### Assignment
Every line of the listing should be retyped exactly, but none of the pictures should be.

Dataset excerpt START

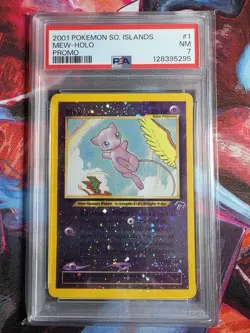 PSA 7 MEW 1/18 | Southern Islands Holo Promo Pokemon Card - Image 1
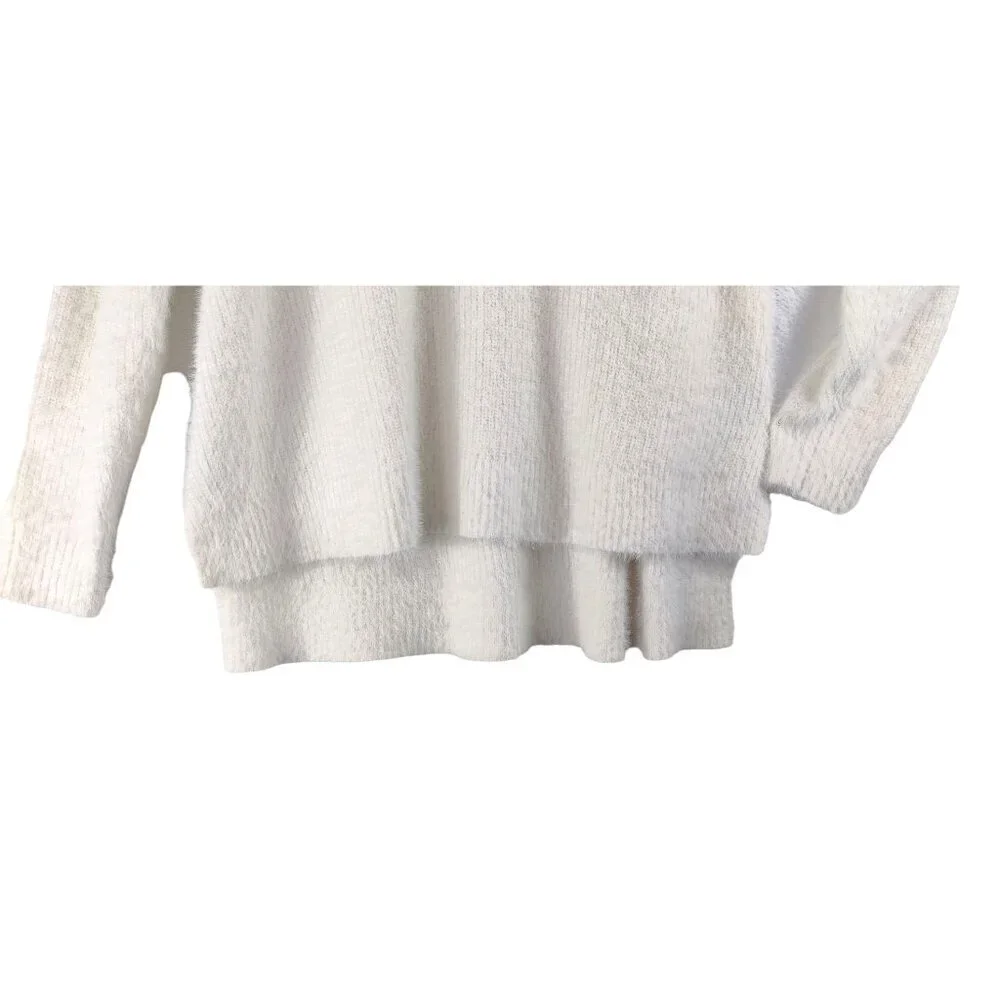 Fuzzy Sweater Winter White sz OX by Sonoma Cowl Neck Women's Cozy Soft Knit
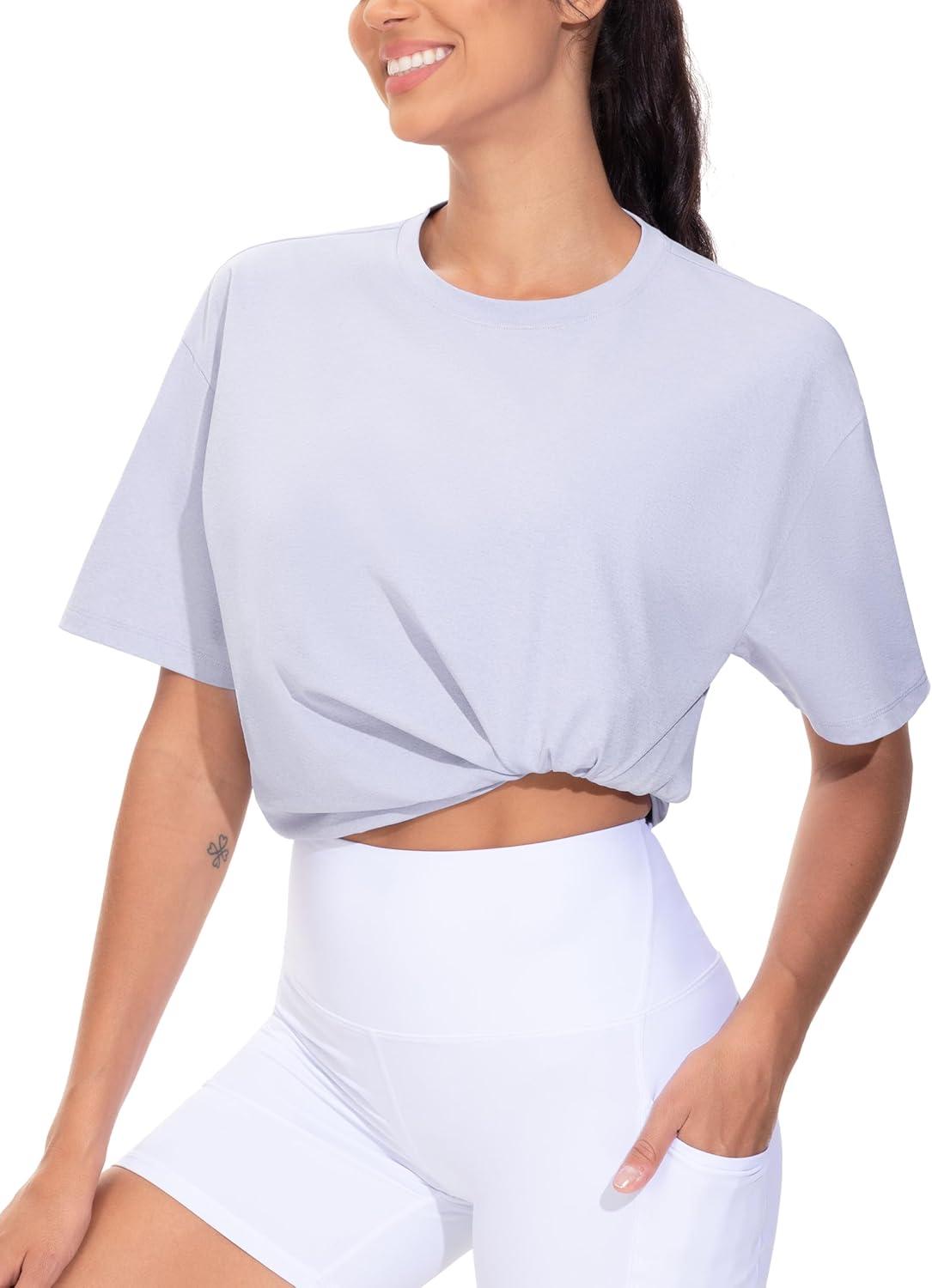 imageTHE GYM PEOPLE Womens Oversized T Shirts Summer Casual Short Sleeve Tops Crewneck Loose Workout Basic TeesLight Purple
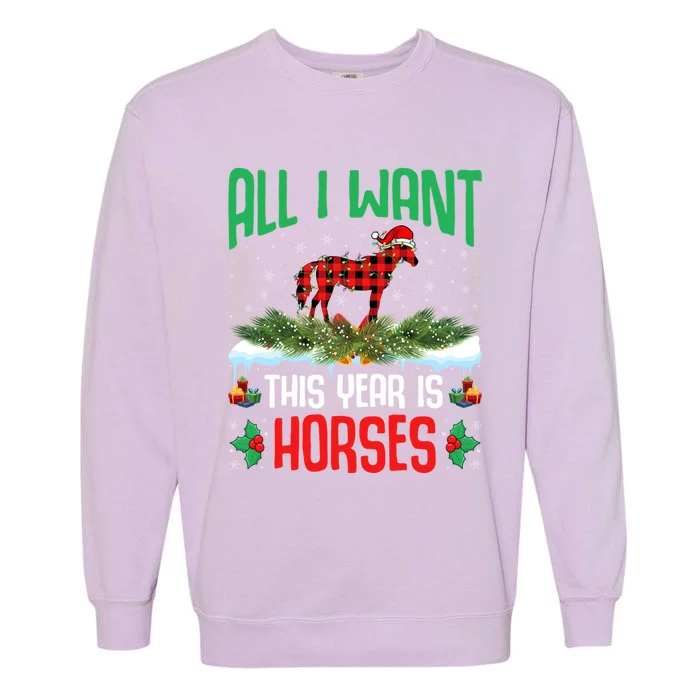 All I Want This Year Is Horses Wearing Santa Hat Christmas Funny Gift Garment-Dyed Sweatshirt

Dataset excerpt END

### Task output
 PSA 7 MEW 1/18 | Southern Islands Holo Promo Pokemon Card - Image 1
 Fuzzy Sweater Winter White sz OX by Sonoma Cowl Neck Women's Cozy Soft Knit
 imageTHE GYM PEOPLE Womens Oversized T Shirts Summer Casual Short Sleeve Tops Crewneck Loose Workout Basic TeesLight Purple
 All I Want This Year Is Horses Wearing Santa Hat Christmas Funny Gift Garment-Dyed Sweatshirt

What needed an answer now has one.